Excluding pictures, retype the line with "Huski Men 54" and each line that follows it to the end of the data below, word for word.

--------

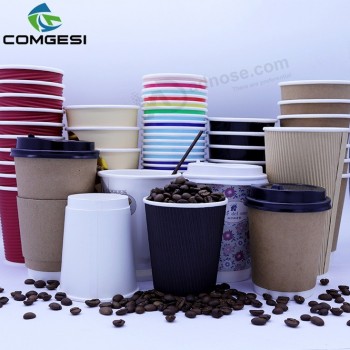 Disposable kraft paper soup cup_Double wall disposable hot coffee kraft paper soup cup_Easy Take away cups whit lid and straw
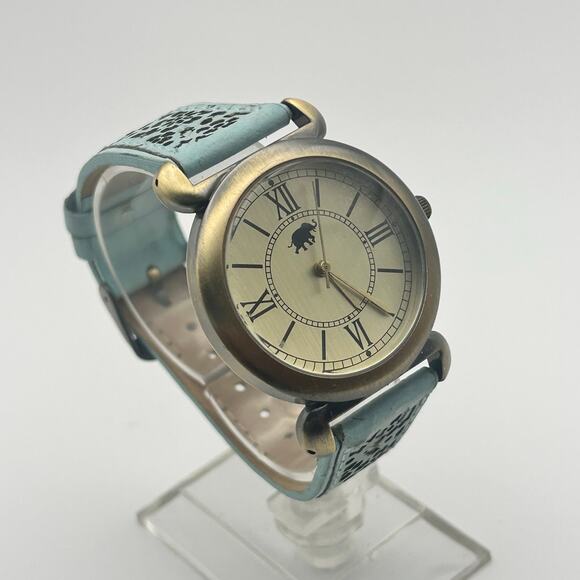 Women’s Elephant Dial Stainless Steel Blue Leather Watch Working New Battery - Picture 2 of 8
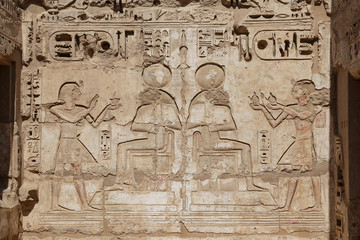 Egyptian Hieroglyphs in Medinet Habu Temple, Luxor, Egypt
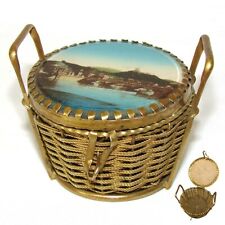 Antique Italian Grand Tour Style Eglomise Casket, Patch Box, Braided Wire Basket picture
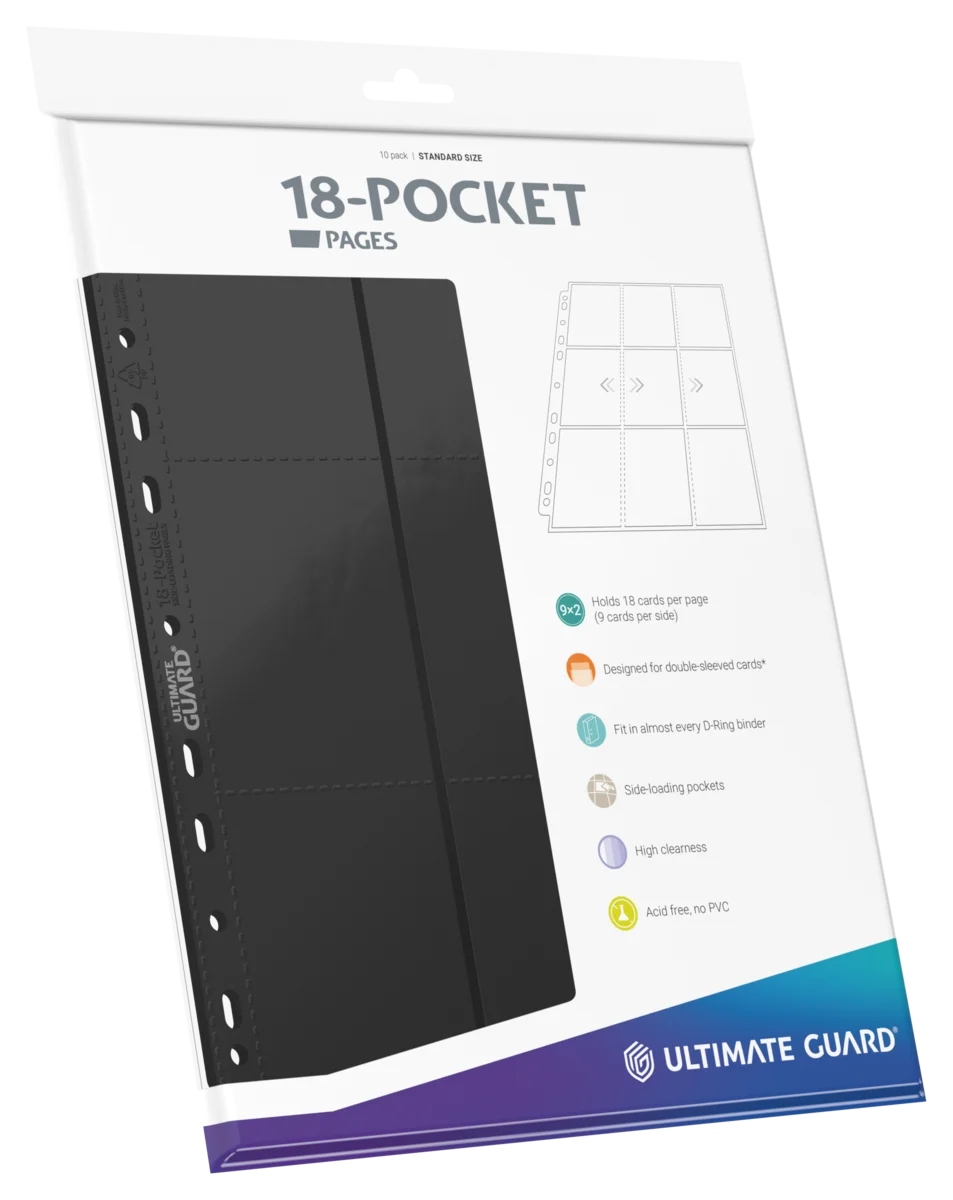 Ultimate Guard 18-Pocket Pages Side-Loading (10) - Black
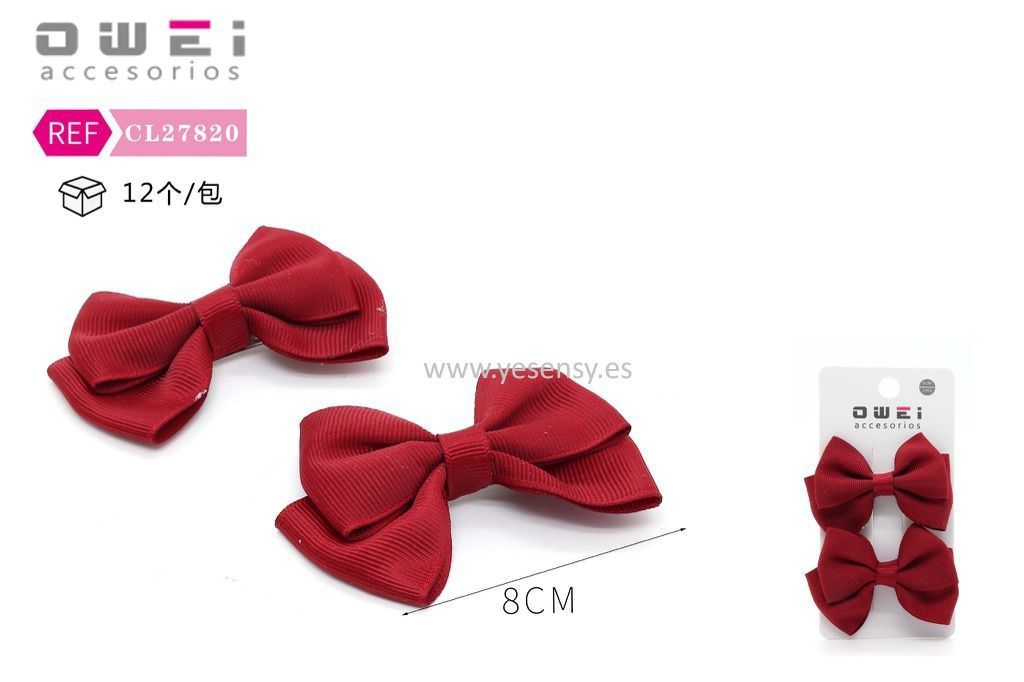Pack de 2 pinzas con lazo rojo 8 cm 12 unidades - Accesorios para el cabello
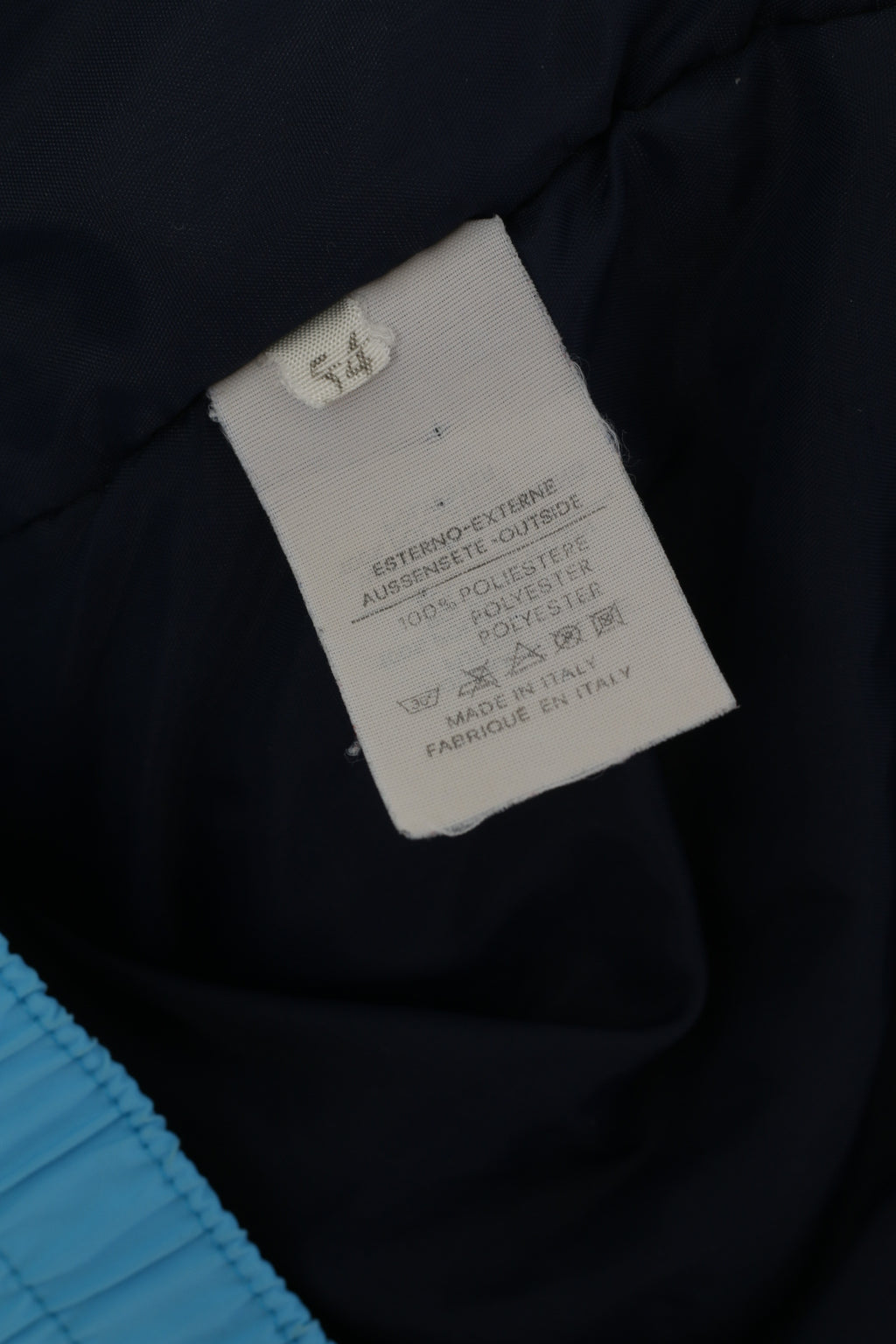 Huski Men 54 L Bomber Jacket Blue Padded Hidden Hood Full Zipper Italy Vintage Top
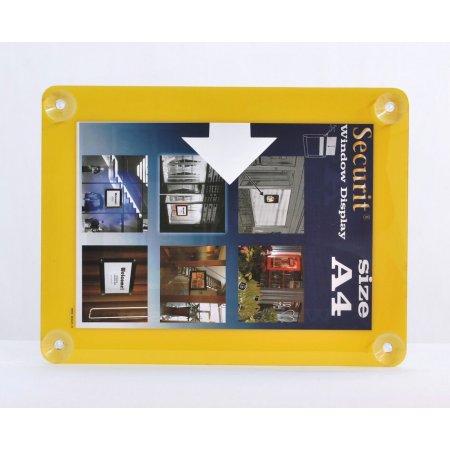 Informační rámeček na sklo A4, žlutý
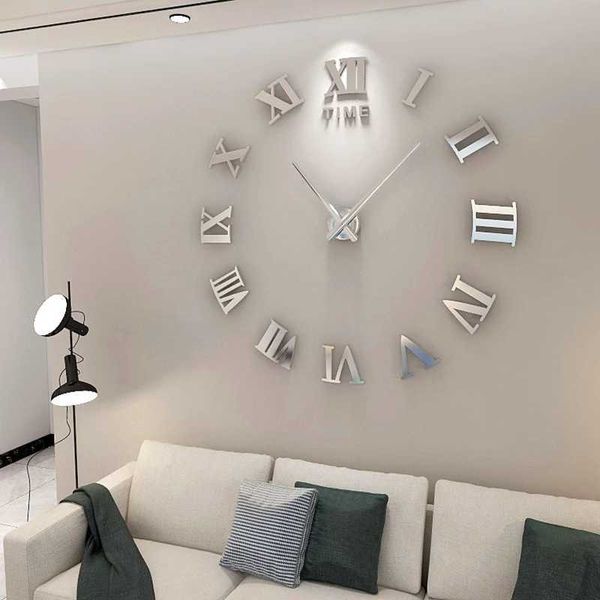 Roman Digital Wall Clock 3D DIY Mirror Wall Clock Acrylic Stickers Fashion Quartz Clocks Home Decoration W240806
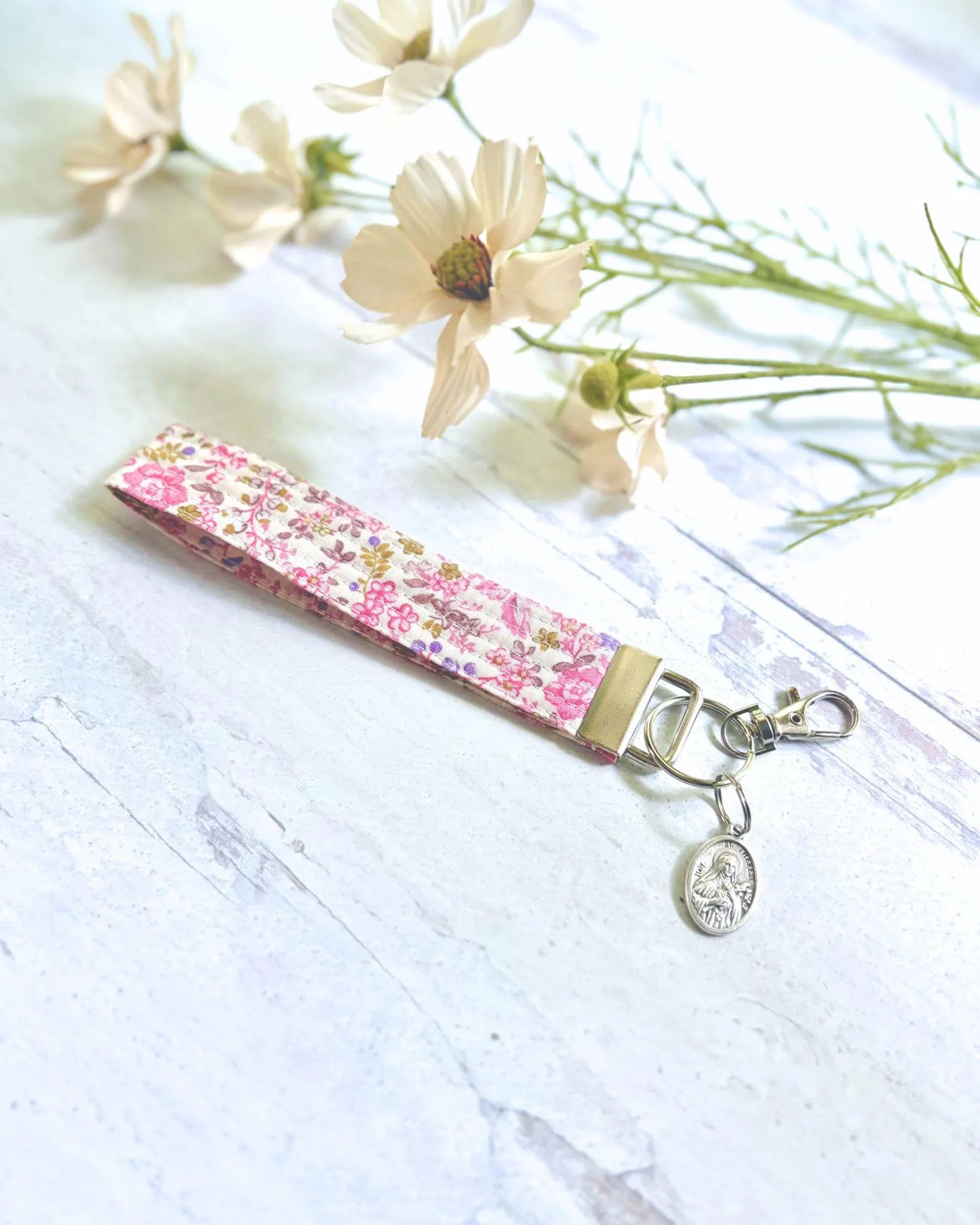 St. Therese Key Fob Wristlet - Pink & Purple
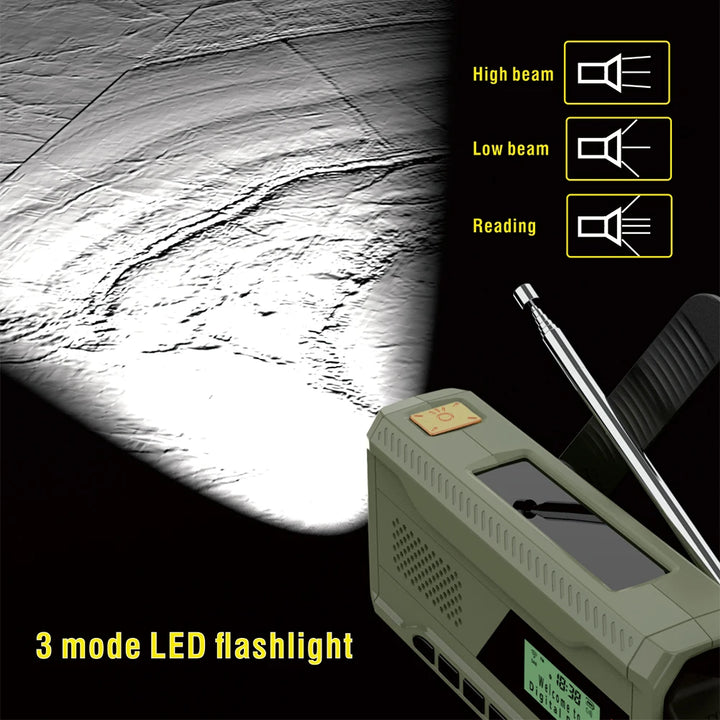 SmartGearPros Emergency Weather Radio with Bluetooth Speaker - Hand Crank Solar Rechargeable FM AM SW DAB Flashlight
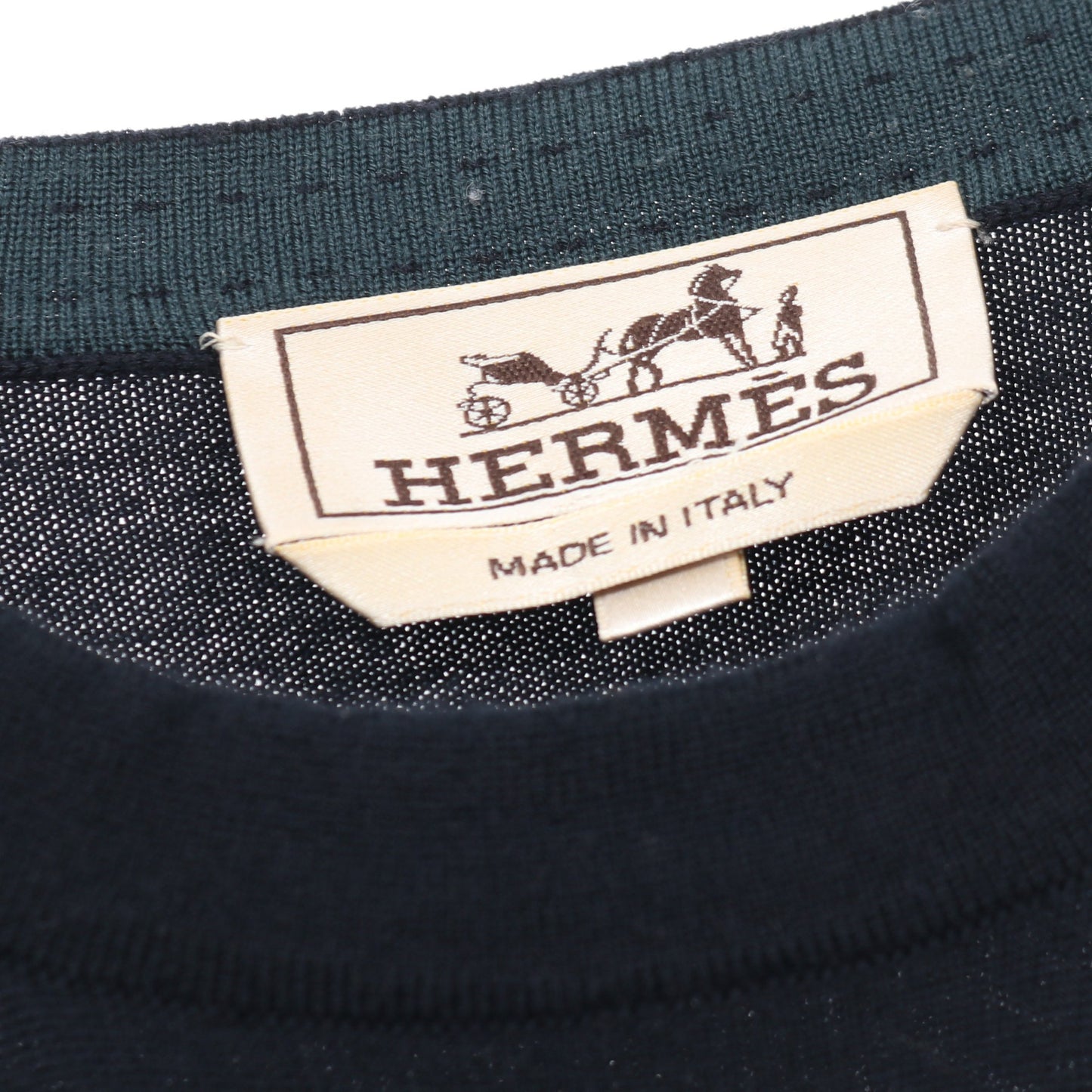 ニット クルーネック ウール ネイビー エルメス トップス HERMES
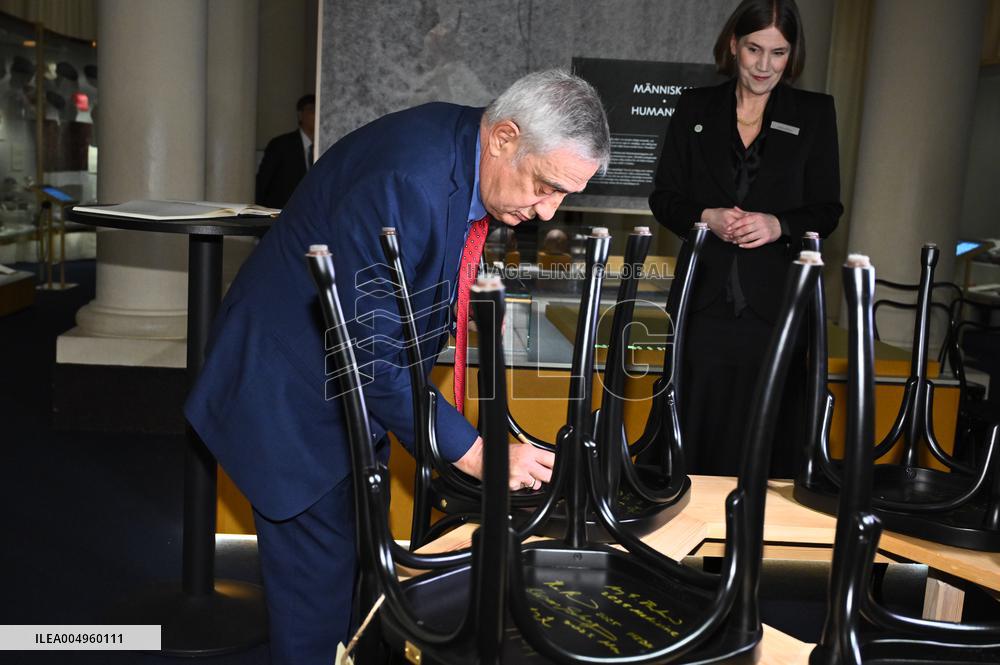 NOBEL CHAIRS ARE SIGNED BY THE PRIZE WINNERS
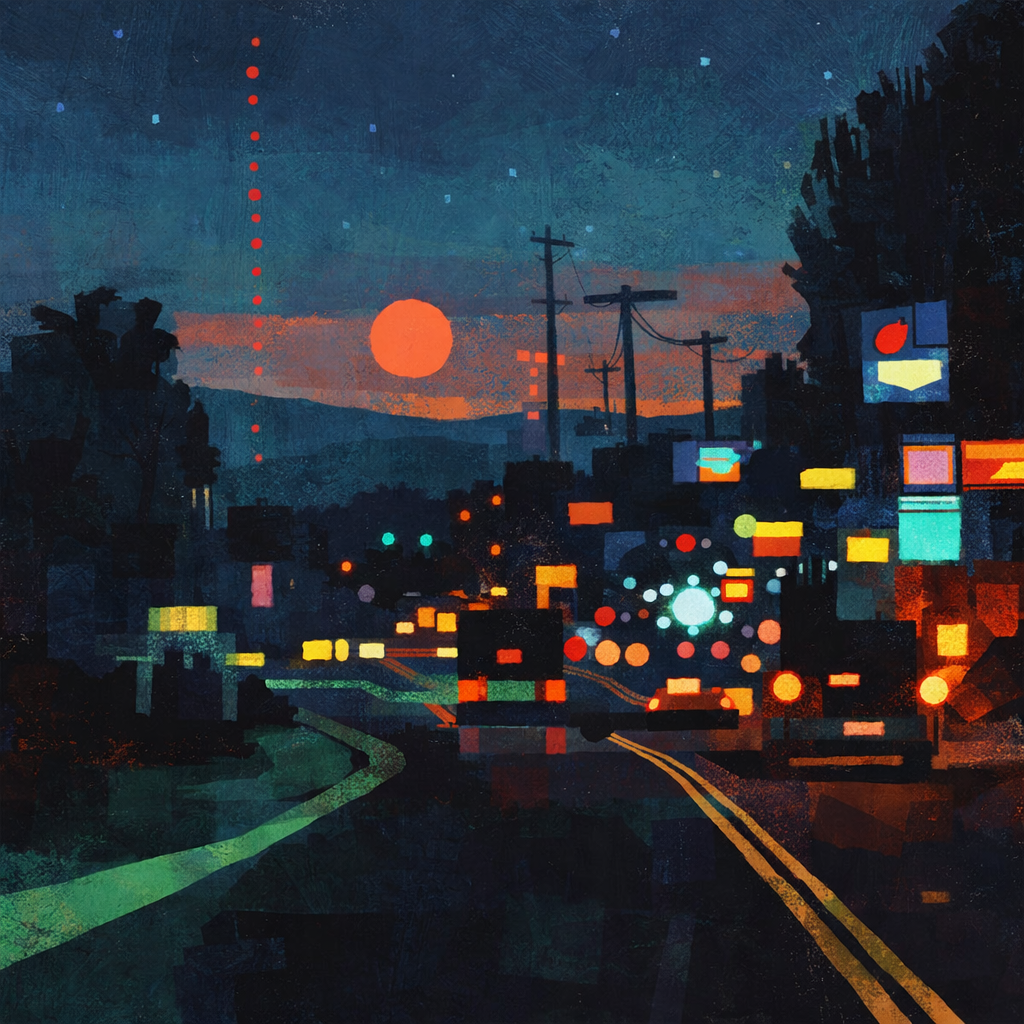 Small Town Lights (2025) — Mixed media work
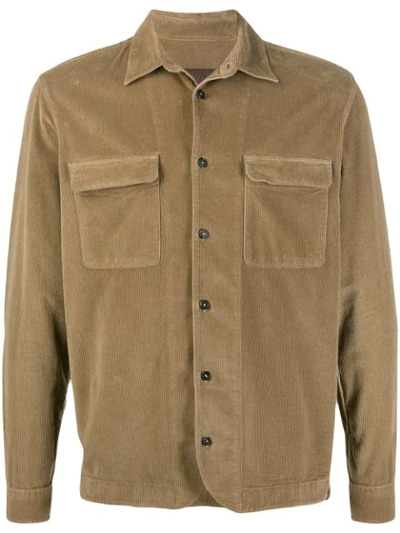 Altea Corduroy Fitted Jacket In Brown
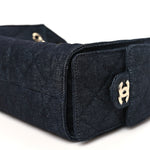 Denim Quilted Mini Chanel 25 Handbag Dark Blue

--------

## Answer to the problem
 Huski Men 54 L Bomber Jacket Blue Padded Hidden Hood Full Zipper Italy Vintage Top
 Informační rámeček na sklo A4, žlutý
 Roman Digital Wall Clock 3D DIY Mirror Wall Clock Acrylic Stickers Fashion Quartz Clocks Home Decoration W240806
 St. Therese Key Fob Wristlet - Pink & Purple
 SmartGearPros Emergency Weather Radio with Bluetooth Speaker - Hand Crank Solar Rechargeable FM AM SW DAB Flashlight
 ニット クルーネック ウール ネイビー エルメス トップス HERMES
 NOBEL CHAIRS ARE SIGNED BY THE PRIZE WINNERS
 Small Town Lights (2025) — Mixed media work
 Altea Corduroy Fitted Jacket In Brown
 Denim Quilted Mini Chanel 25 Handbag Dark Blue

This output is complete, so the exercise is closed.